К счастью, в один из ноябрьских уик-эндов Милена нашла отдушину в виде местного Пигмалиона. Он водил ее по разным модным местам, где она могла шлифовать хорошие манеры и стиль в самом широком смысле этого слова. Но это было еще не все: заодно Милена научилась наплевательскому отношению ко всякой ерунде вроде чавканья Паулины, вони горелого масла и проваленного экзамена. Поэтому зимняя сессия не произвела на нее никакого впечатления.
* * *
– Это и есть мое королевство. – Милена распахнула дверь в огромную комнату, украшенную стенкой «Бещады». – А рядом – королевство Травки.
– Наверно, он у себя, – прошептала я, заметив зеленоватый дым, лениво выползающий из замочной скважины.
– Или то, что от него осталось, то есть свитер, грязные джинсы и несколько костей крест-накрест. А теперь хит сезона – клозет! – И она распахнула следующую дверь, за которой оказалась узкая, выкрашенная коричневым нора полтора на два метра.

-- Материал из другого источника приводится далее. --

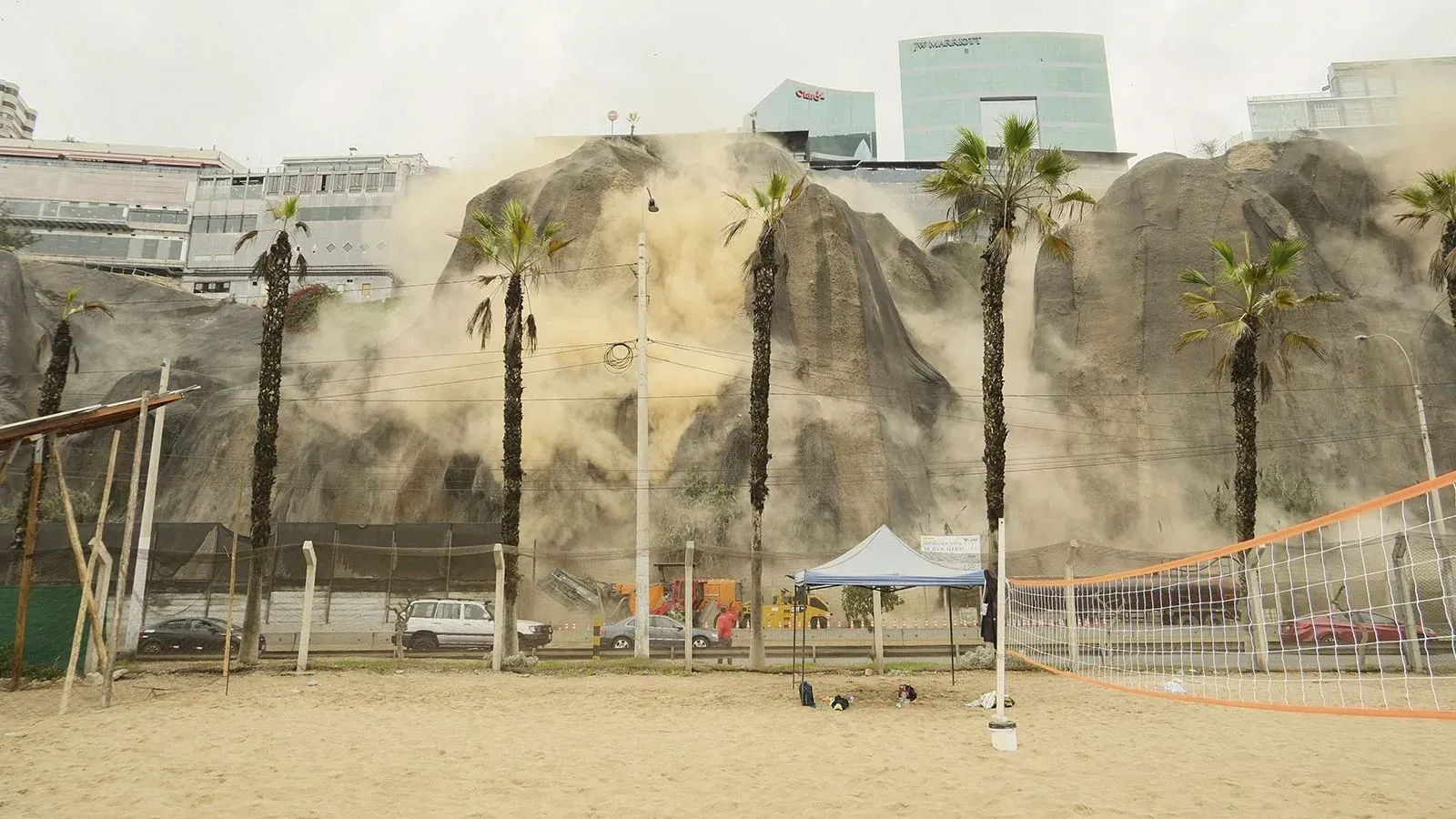 تساقط الحجارة من جرف صخري في ليما بعد زلزال، مع ظهور رمال وغبار، وأشجار نخيل ومرافق رياضية في المشهد.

– Унылое место, – признала я.
– Обрати внимание на гриб. – Она указала на здоровенный трутовик, выросший на потрескавшемся потолке в трех метрах над нашими головами. – Счастье, что он так высоко, а то я боялась бы сюда входить.
– Меня гораздо больше интригует это зеркало. – Там на стене примерно на высоте человеческого роста висело зеркало! – Зачем в клозете зеркало?
– Как зачем? Встаешь с горшка и проверяешь: не лопнул ли, пока ты тужилась, сосудик у тебя в глазу.
* * *
Какое счастье, что мне не нужно снимать хату. Что у меня есть уютная комната рядом с папиной библиотекой (где в изобилии представлены словари и биографии ученых). Что у меня собственный балкон, откуда открывается вид на близлежащие холмы за улицей Сольной. Собственный, заваленный всяким хламом письменный стол и трехстворчатый шкаф, забитый умными книгами. Правда, каждое утро мне нужно втискиваться в автобус на Краков и каждый вечер возвращаться домой, вместо того чтобы отправляться вместе с группой в кафешку, но лучше это, чем обшарпанная квартира, где воняет сыростью и которую мне приходится делить с разными там любителями подымить травкой. Я предпочитаю свой дом и своих родителей. Вот только нужно все-таки им сказать, что я перевелась.